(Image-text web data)
++++
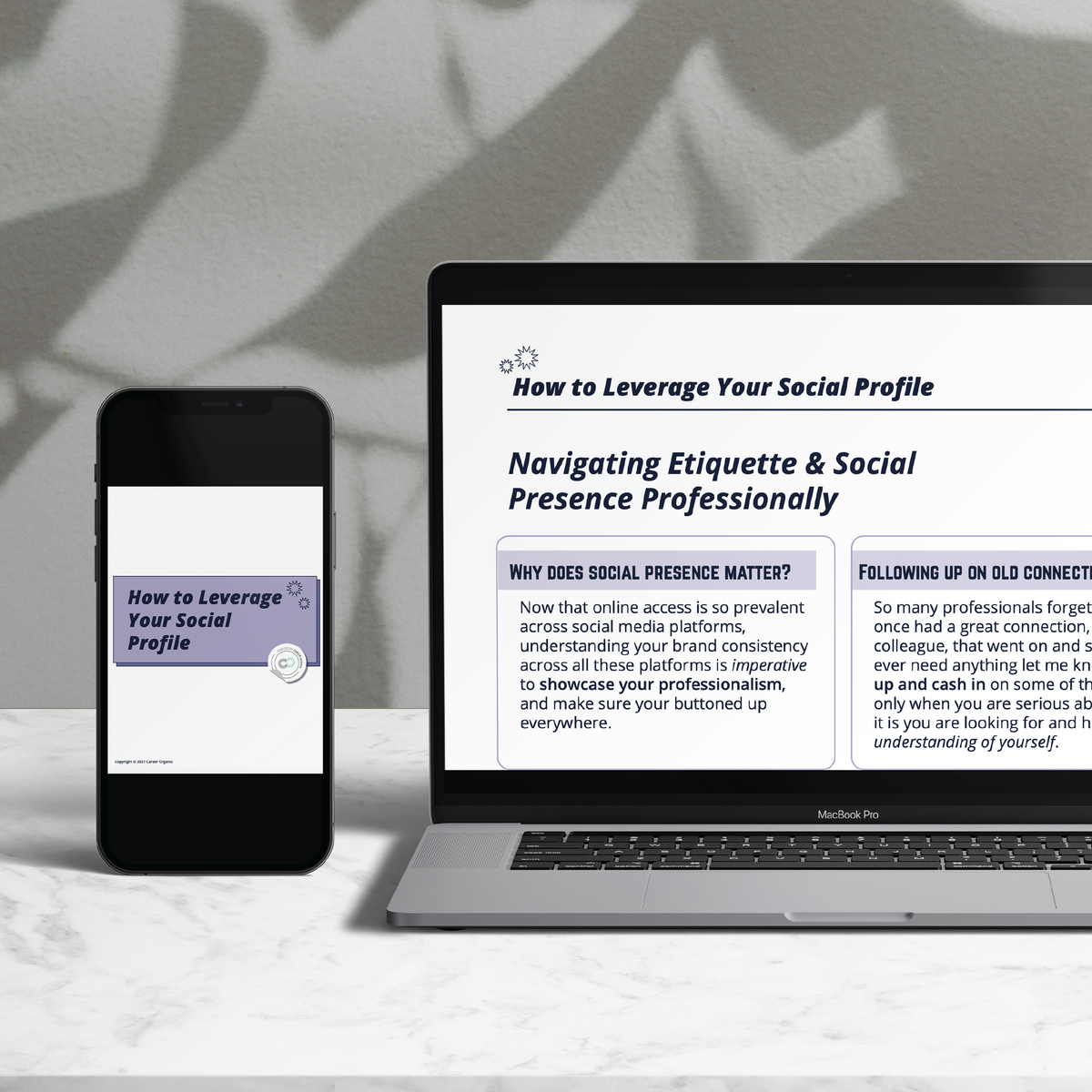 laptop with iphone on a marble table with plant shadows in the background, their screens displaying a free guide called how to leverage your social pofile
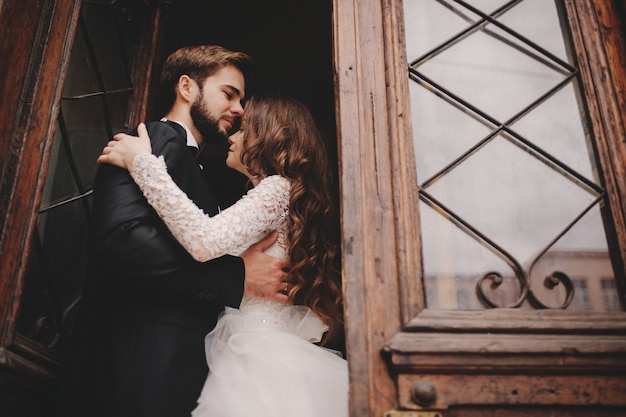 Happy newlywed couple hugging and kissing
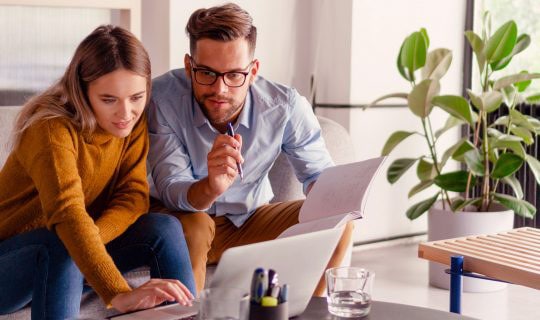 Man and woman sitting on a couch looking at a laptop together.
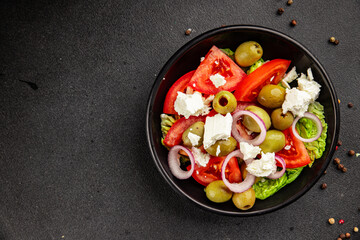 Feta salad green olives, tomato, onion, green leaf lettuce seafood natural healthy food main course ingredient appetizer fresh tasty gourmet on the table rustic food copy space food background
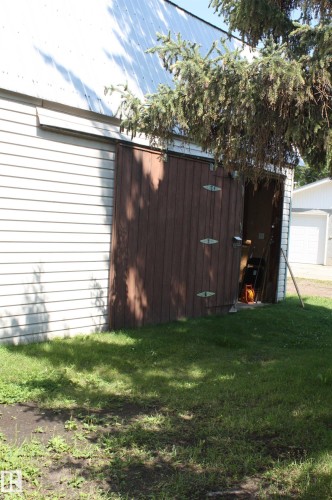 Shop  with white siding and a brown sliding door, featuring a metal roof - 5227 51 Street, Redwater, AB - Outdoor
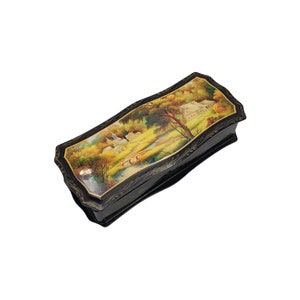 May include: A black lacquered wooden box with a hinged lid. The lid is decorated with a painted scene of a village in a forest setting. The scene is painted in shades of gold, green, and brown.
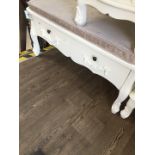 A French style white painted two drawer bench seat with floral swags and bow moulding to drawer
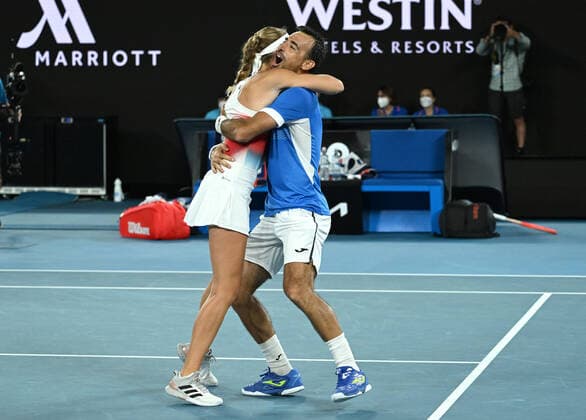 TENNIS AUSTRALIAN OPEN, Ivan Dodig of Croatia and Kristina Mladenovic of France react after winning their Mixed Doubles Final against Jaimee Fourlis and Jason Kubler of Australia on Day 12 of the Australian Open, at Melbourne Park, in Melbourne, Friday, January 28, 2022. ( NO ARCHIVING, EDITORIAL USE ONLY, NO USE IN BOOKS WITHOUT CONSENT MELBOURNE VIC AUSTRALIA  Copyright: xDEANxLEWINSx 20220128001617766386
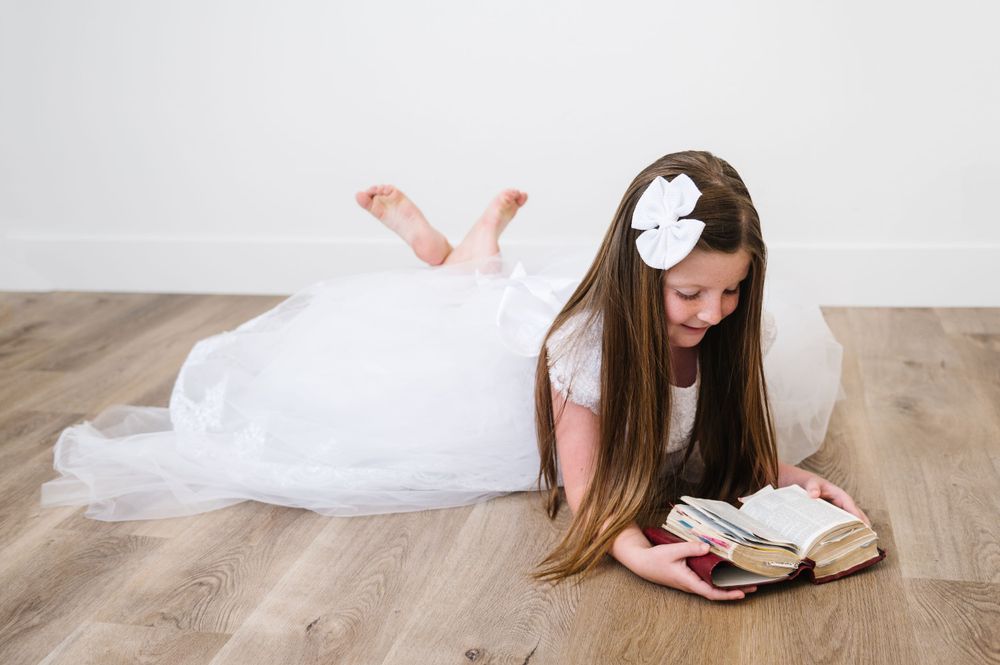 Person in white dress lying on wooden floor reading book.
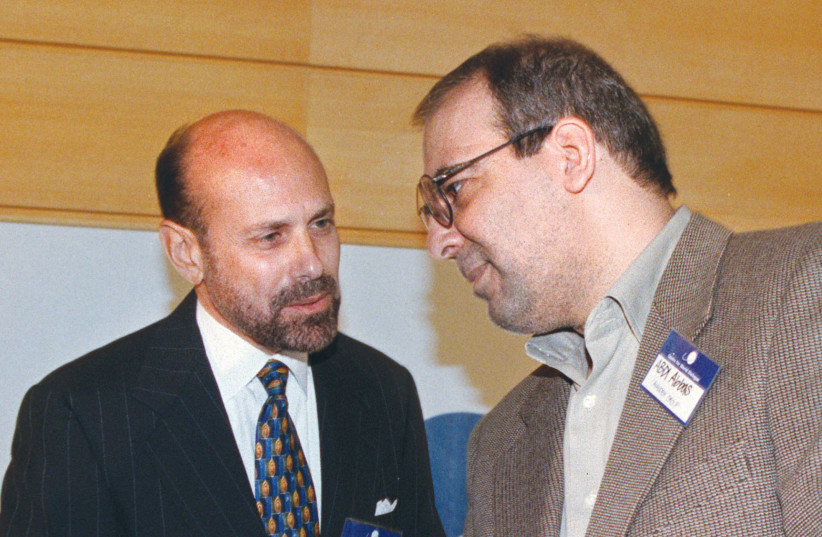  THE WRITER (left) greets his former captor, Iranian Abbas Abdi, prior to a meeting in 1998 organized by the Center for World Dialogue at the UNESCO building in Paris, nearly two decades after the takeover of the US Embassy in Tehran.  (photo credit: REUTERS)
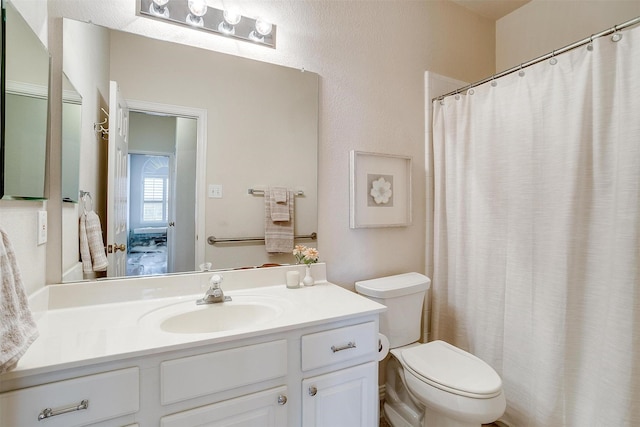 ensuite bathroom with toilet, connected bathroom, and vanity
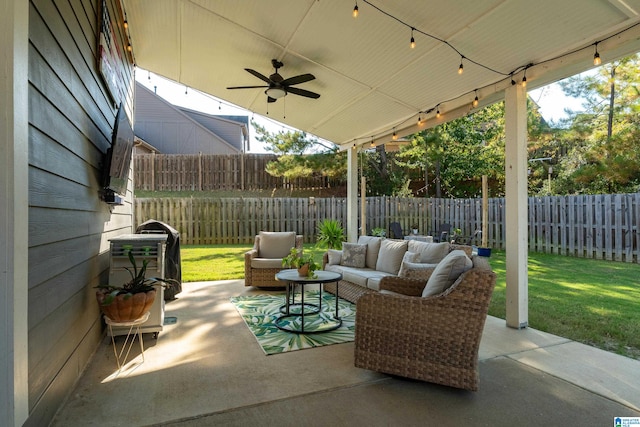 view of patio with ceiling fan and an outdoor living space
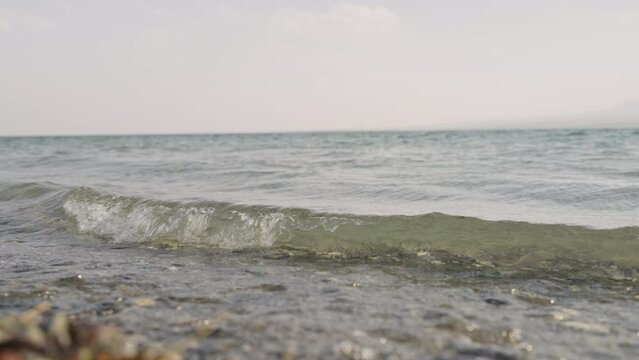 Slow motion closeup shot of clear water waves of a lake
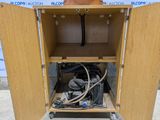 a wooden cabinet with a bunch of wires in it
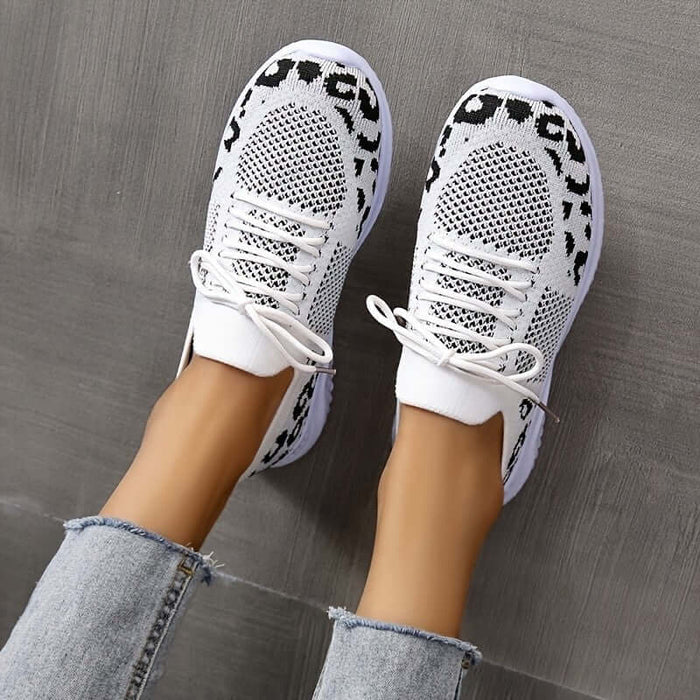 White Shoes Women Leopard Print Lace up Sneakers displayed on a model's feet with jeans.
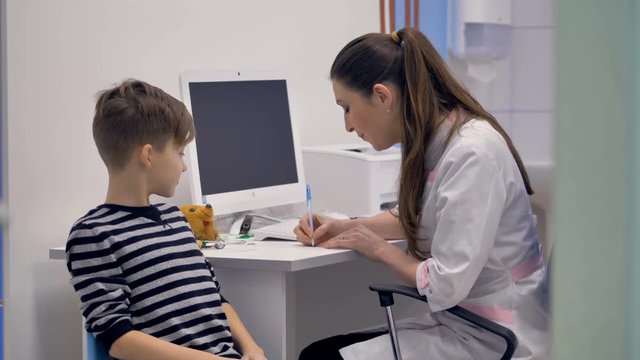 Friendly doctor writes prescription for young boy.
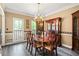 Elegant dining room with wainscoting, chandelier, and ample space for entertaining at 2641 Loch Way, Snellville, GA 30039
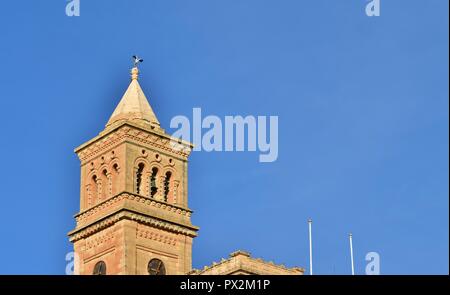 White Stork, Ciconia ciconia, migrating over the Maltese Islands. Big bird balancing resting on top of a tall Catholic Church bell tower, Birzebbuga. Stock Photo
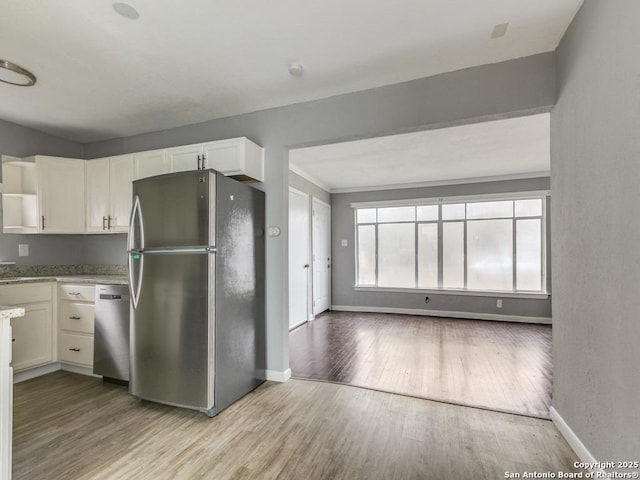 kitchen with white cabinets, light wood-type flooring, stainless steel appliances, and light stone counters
++++
(Task) Write out every entry above exactly as it stands, minus the pictures.

(Answer section)
 laptop with iphone on a marble table with plant shadows in the background, their screens displaying a free guide called how to leverage your social pofile
 Happy newlywed couple hugging and kissing
 Man and woman sitting on a couch looking at a laptop together.
 Feta salad green olives, tomato, onion, green leaf lettuce seafood natural healthy food main course ingredient appetizer fresh tasty gourmet on the table rustic food copy space food background
 Shop  with white siding and a brown sliding door, featuring a metal roof - 5227 51 Street, Redwater, AB - Outdoor
 May include: A black lacquered wooden box with a hinged lid. The lid is decorated with a painted scene of a village in a forest setting. The scene is painted in shades of gold, green, and brown.
 A French style white painted two drawer bench seat with floral swags and bow moulding to drawer
 TENNIS AUSTRALIAN OPEN, Ivan Dodig of Croatia and Kristina Mladenovic of France react after winning their Mixed Doubles Final against Jaimee Fourlis and Jason Kubler of Australia on Day 12 of the Australian Open, at Melbourne Park, in Melbourne, Friday, January 28, 2022. ( NO ARCHIVING, EDITORIAL USE ONLY, NO USE IN BOOKS WITHOUT CONSENT MELBOURNE VIC AUSTRALIA  Copyright: xDEANxLEWINSx 20220128001617766386
 Person in white dress lying on wooden floor reading book.
  THE WRITER (left) greets his former captor, Iranian Abbas Abdi, prior to a meeting in 1998 organized by the Center for World Dialogue at the UNESCO building in Paris, nearly two decades after the takeover of the US Embassy in Tehran.  (photo credit: REUTERS)
 ensuite bathroom with toilet, connected bathroom, and vanity
 view of patio with ceiling fan and an outdoor living space
 Slow motion closeup shot of clear water waves of a lake
 a wooden cabinet with a bunch of wires in it
 White Shoes Women Leopard Print Lace up Sneakers displayed on a model's feet with jeans.
 Friendly doctor writes prescription for young boy.
 Elegant dining room with wainscoting, chandelier, and ample space for entertaining at 2641 Loch Way, Snellville, GA 30039
 White Stork, Ciconia ciconia, migrating over the Maltese Islands. Big bird balancing resting on top of a tall Catholic Church bell tower, Birzebbuga. Stock Photo
 kitchen with white cabinets, light wood-type flooring, stainless steel appliances, and light stone counters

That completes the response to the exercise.